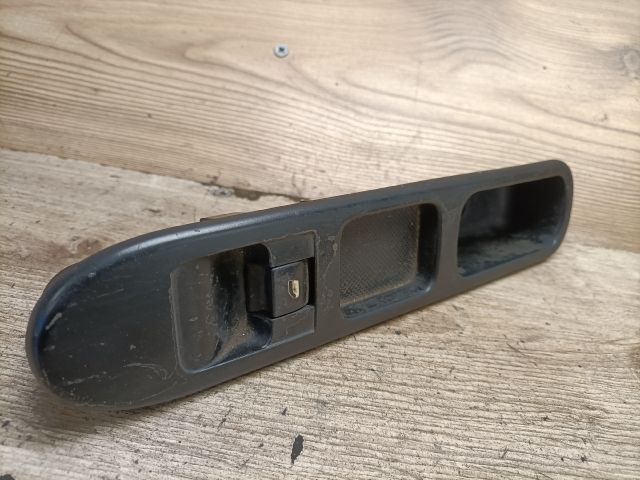 bontott PEUGEOT 307 Jobb első Ablakemelő Kapcsoló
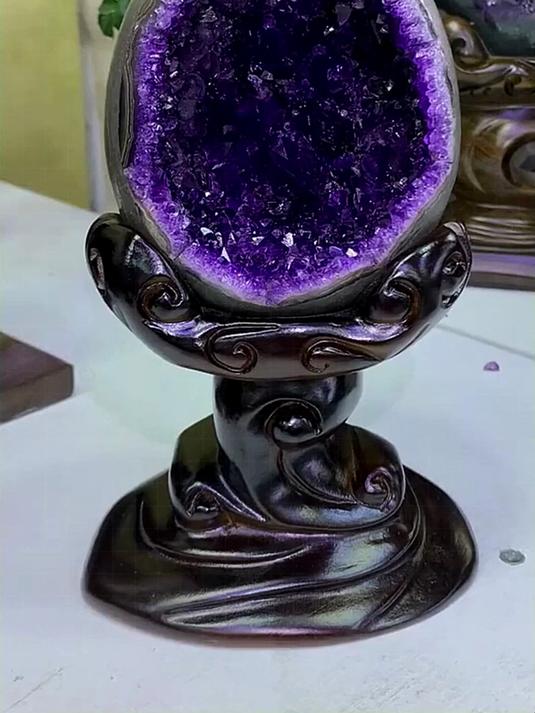 天然紫晶洞 水晶原石的收藏价值与美学魅力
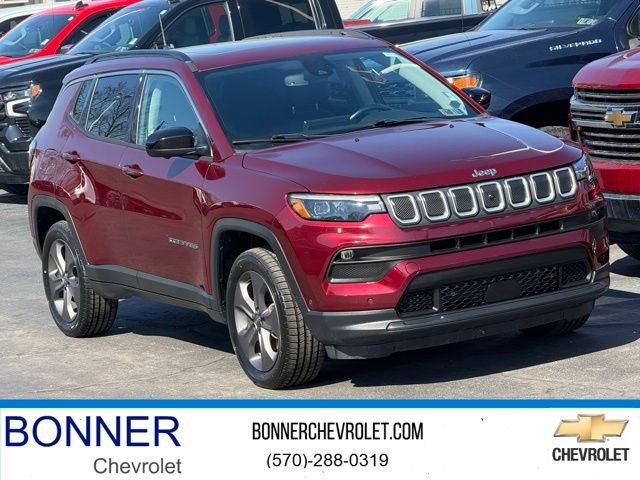 Used 2022 Jeep Compass Latitude w/ Sun and Sound Group AWD/4WD image 1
----------
Work task:
Each line of the listing is to be retyped exactly, and its pictures are to be dropped.

Response to this exercise:
 bontott PEUGEOT 307 Jobb első Ablakemelő Kapcsoló
 天然紫晶洞 水晶原石的收藏价值与美学魅力
 Used 2022 Jeep Compass Latitude w/ Sun and Sound Group AWD/4WD image 1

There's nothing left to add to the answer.